**What is required**
Repeat the listing below in full and exactly. Pictures are to be omitted.

**Material shown**
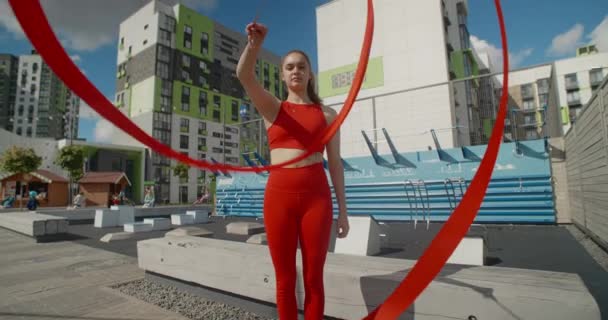 Mujer joven en rojo realiza calistenia con cinta en el patio de entrenamiento al aire libre, gimnasta hace ejercicios acrobáticos en un área residencial, aptitud en el entorno urbano, 4k 120p HQ de Prores — Vídeo de stock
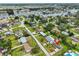 Scenic aerial view of a residential neighborhood with waterfront access and lush green landscaping throughout the community at 404 12Th Sw St, Ruskin, FL 33570
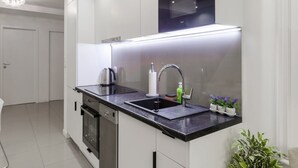 Eine moderne Küche mit schwarzem Arbeitsplatz, Edelstahlgeräten und einem eingebauten Backofen.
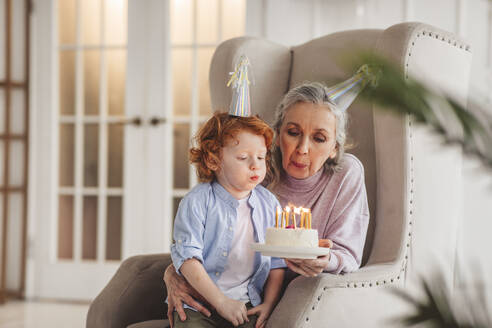 Grandson and grandmother wearing party hat and blowing candles on birthday cake at home - MDOF00881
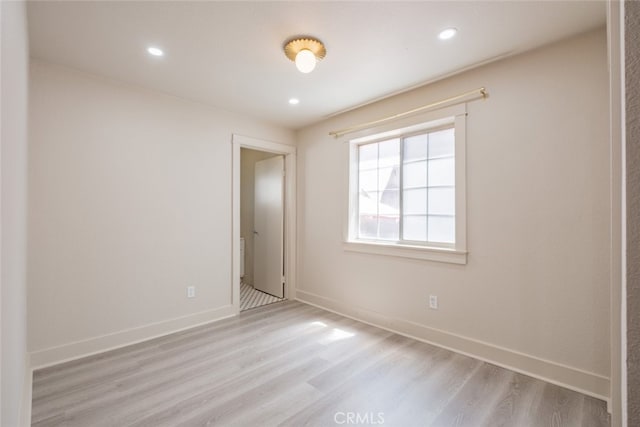 spare room featuring light hardwood / wood-style flooring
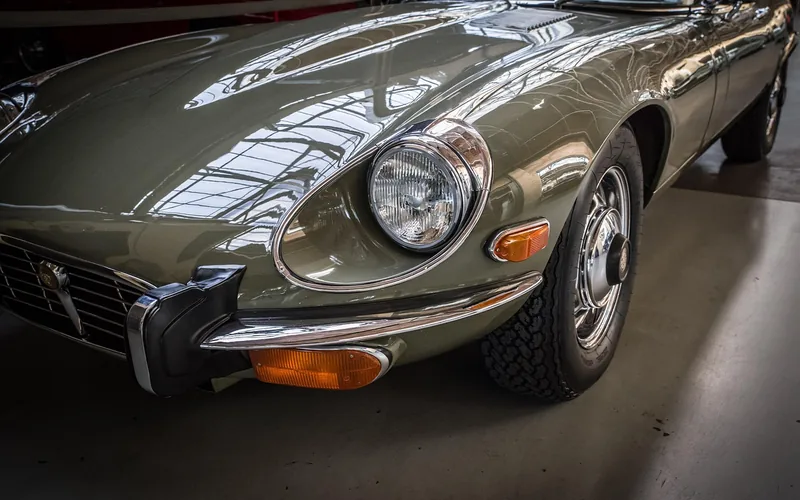 Front wing and headlight of a classic Jaguar E-Type in a showroom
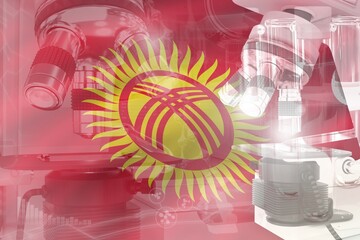 Fototapeta premium Microscope on Kyrgyzstan flag - science development conceptual background. Research in healthcare or clinical medicine, 3D illustration of object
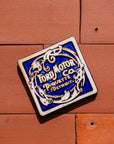 Ford Motor Co. Piquette logo tile on a terra cotta roof tile background.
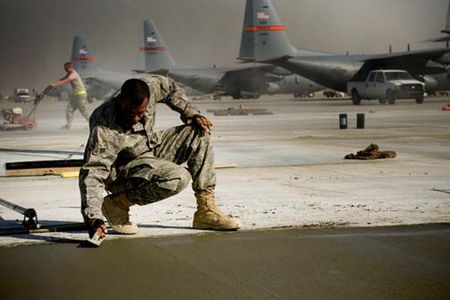 Airman 1st Class Joshua Toth, 455th Expeditionary Civil Engineer Squadron heavy equipment operator, smooths wet concrete on Thanksgiving, Nov. 27, at Bagram Air Field, Afghanistan. Airman toth is from Clayton, N.J. and is thankful for being in Afghanistan, serving his country. (U.S. Air Force photo by Staff Sgt. Samuel Morse)(Released)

**Exercise solution**
 Mujer joven en rojo realiza calistenia con cinta en el patio de entrenamiento al aire libre, gimnasta hace ejercicios acrobáticos en un área residencial, aptitud en el entorno urbano, 4k 120p HQ de Prores — Vídeo de stock
 Scenic aerial view of a residential neighborhood with waterfront access and lush green landscaping throughout the community at 404 12Th Sw St, Ruskin, FL 33570
 Eine moderne Küche mit schwarzem Arbeitsplatz, Edelstahlgeräten und einem eingebauten Backofen.
 Grandson and grandmother wearing party hat and blowing candles on birthday cake at home - MDOF00881
 spare room featuring light hardwood / wood-style flooring
 Front wing and headlight of a classic Jaguar E-Type in a showroom
 Fototapeta premium Microscope on Kyrgyzstan flag - science development conceptual background. Research in healthcare or clinical medicine, 3D illustration of object
 Ford Motor Co. Piquette logo tile on a terra cotta roof tile background.
 Airman 1st Class Joshua Toth, 455th Expeditionary Civil Engineer Squadron heavy equipment operator, smooths wet concrete on Thanksgiving, Nov. 27, at Bagram Air Field, Afghanistan. Airman toth is from Clayton, N.J. and is thankful for being in Afghanistan, serving his country. (U.S. Air Force photo by Staff Sgt. Samuel Morse)(Released)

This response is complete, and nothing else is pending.